Monsieur le président, monsieur le ministre, monsieur le secrétaire d’État, monsieur le président de la commission, je veux d’abord vous indiquer qu’avec mon avocat, j’ai décidé de porter plainte après les violences commises hier par les CRS contre des manifestants et contre moi-même qui me suis retrouvé à l’hôpital après avoir été matraqué. Il y a des témoins, tout le monde le sait. France 2 a tout filmé, du début jusqu’à la fin, et je souhaite que la chaîne publique puisse communiquer l’ensemble de ces images : chacun pourra ainsi se faire une opinion.

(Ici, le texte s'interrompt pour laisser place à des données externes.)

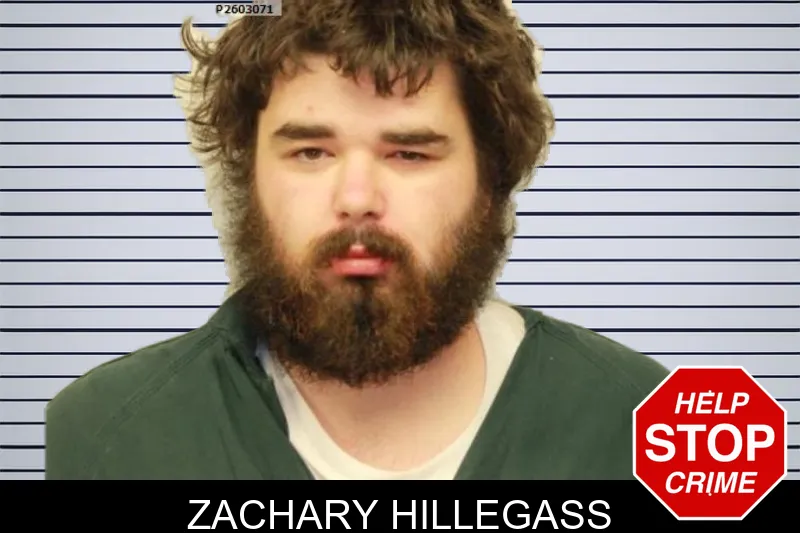 Zachary Hillegass mugshot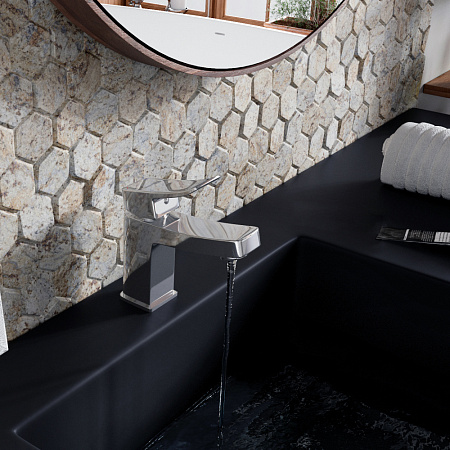 Смеситель WasserKRAFT Aller 1063 для раковины, хром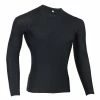 Playwell MMA Plain Black Long Sleeve Rash Guard Playwell MMA Shorts & Grappling Tops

Travailler plus pour gagner moins, voilà en résumé le but de la réforme des retraites de Nicolas Sarkozy et du Gouvernement. Le texte va contraindre les salariés à travailler plus tard et plus longtemps, y compris ceux qui occupent des emplois pénibles, pour, au bout du compte, diminuer leurs pensions de retraite.
Officiellement, il s’agit de contraindre les salariés à travailler plus tard : on veut faire passer l’âge légal de départ à la retraite de soixante à soixante-deux ans et l’âge de départ à taux plein de soixante-cinq à soixante-sept ans.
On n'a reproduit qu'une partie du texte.